Among the molecules Gross’s team have charged is azobenzene, an organic molecule commonly used as a photomechanical molecular switch because it can be transformed between cis and trans isomers. They found that in the neutral trans state the two benzene rings at each end of the molecule are tilted out of the plane in the same direction, but adding an electron causes one ring to tilt the other way, introducing a twist. Calculations of the molecular structure using density functional theory (DFT) predict the same behaviour.
The researchers also charged molecules of pentacene: linear chains of five fused benzene rings. They could resolve the slight changes in bond lengths on different rings as a two-electron charge alters the bonding pattern, the various carbon-carbon bonds changing their bond orders – generally somewhere between single or double – in different locations.
In the case of the tetracyanoquinodimethane (TCNQ) molecule, meanwhile – a strong electron acceptor often used in molecular electronics – charging the neutral molecule switched it from a conformation standing up on the surface to one lying flat, as well as altering the bonding within the molecule. This switch in orientation as a function of charge state hasn’t been seen before, and Gross says the effect ‘could be useful as a molecular switch in a device based on single-electron hopping’.
By charging a porphyrin ring – the key molecular group in chlorophyll, where light absorption causes charge transfer – the IBM team saw changes in bonding due to conjugation effects, which again agreed with DFT calculations. Such agreement is reassuring, but it doesn’t make the experiments redundant. DFT relies on various assumptions and approximations, and so although ‘often it is correct, we cannot rely on it’, says Gross. IBM team member Nikolaj Moll, a specialist on such calculations, says that ‘comparison of experiments with DFT results can help find the theory’s limitations and improve it’.
The ability to analyse bond order in these experiments on charged molecules is impressive, says Yoshiaki Sugimoto of the University of Tokyo in Japan, a specialist in molecular imaging. ‘The combination of charge-state control and sub-molecular resolution imaging opens the way for precise characterisation of charged molecules,’ he says.
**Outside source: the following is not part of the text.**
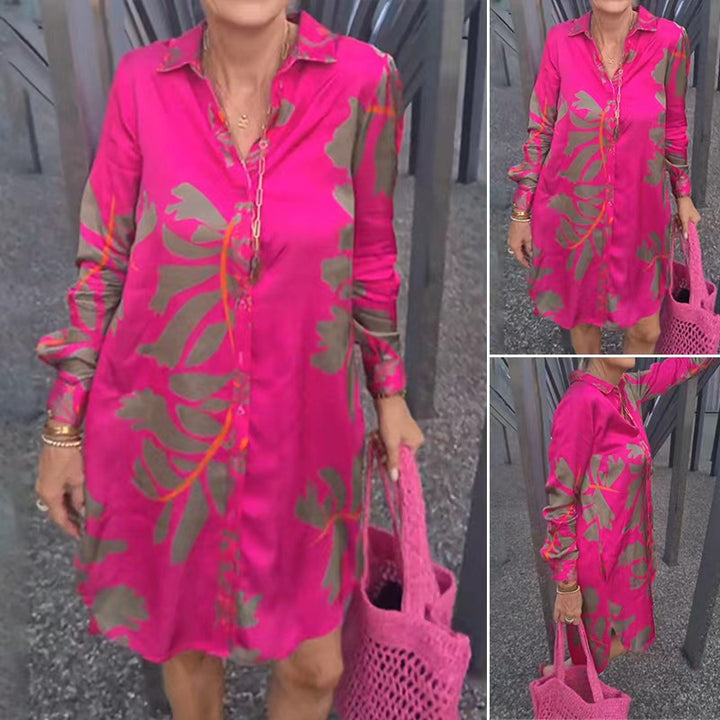 Women's loose falling shirt dress with continuous button placket, shirt collar, cuffs, and large botanical print Mune Fashion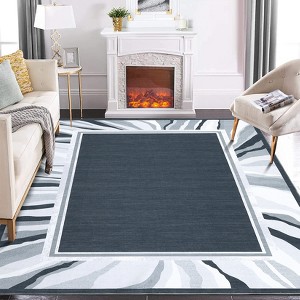 Modern Low Pile Area Rug | Ultra-Thin Machine Washable Rug with Non-Slip Back | Stain Resistant, Non-Shedding & Pet Safe Bordered for Home - 1 of 4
Gross says that the technique could also help in synthesising new molecules and molecular devices by atom manipulation. His team has used the AFM method previously to make a molecule that is hard to synthesise by traditional means, and recently they demonstrated that, by creating multiply-charged states of molecules, they could form and break bonds.2 ‘Identifying radical sites like those of pentacene, and resolving structural changes on charging, will help us to better understand and predict such novel synthesis routes,’ he says.